Certainly, there’s a lot of paranoia surrounding our current political situation; the depth and nature of the relationship between the Trump administration and Russian intelligence officials remains a compelling, unnerving mystery. The Americans, taking place at the end of the Cold War and centered on Soviet spies, can certainly speak to those anxieties. But to call it a cynical, House of Cards–style deconstruction of Russian-American relations—one that reflects the current climate of cover-ups and deceptions—is misleading. The Americans almost operates in the opposite fashion, in fact: It digs into the personal lives of both sides, allowing us to get close even to the Russians heading up potentially devastating bioweapons programs.

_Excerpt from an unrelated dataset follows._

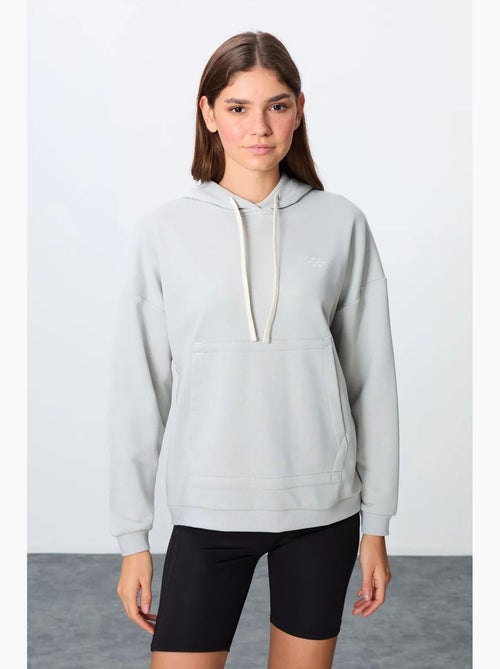 Sudadera con capucha oversize y bolsillo tommy - Kiabi Sudadera con capucha oversize y bolsillo tommy - Kiabi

If anything, The Americans makes the kind of call for restraint that can be unfathomable in times like these—to take a step back and remember we’re talking about complicated people and not just cartoonish villains. The show does reveal the brutality of the Soviet regime and the horrors of systems without due process—indicators that take on a “newly intense dystopian quality,” as the Globe’s Matthew Gilbert put it, in the new season. But it’s important we don’t come away with the wrong lessons, with the familiar “America good, Russia bad” dichotomy. The Americans makes a powerful, universal argument for understanding, one whose resonance extends far beyond our government’s relationship with a foreign power. It’s that humanistic touch that makes for such rich, surprising, layered storytelling. Rather than box this great show into a space in which it doesn’t belong—the prescient cautionary tale—it’s worth remembering that The Americans’ worth transcends the politics of the moment.

Disclosure: Joe Weisberg is the brother of Jacob Weisberg, editor in chief and chairman of The Slate Group.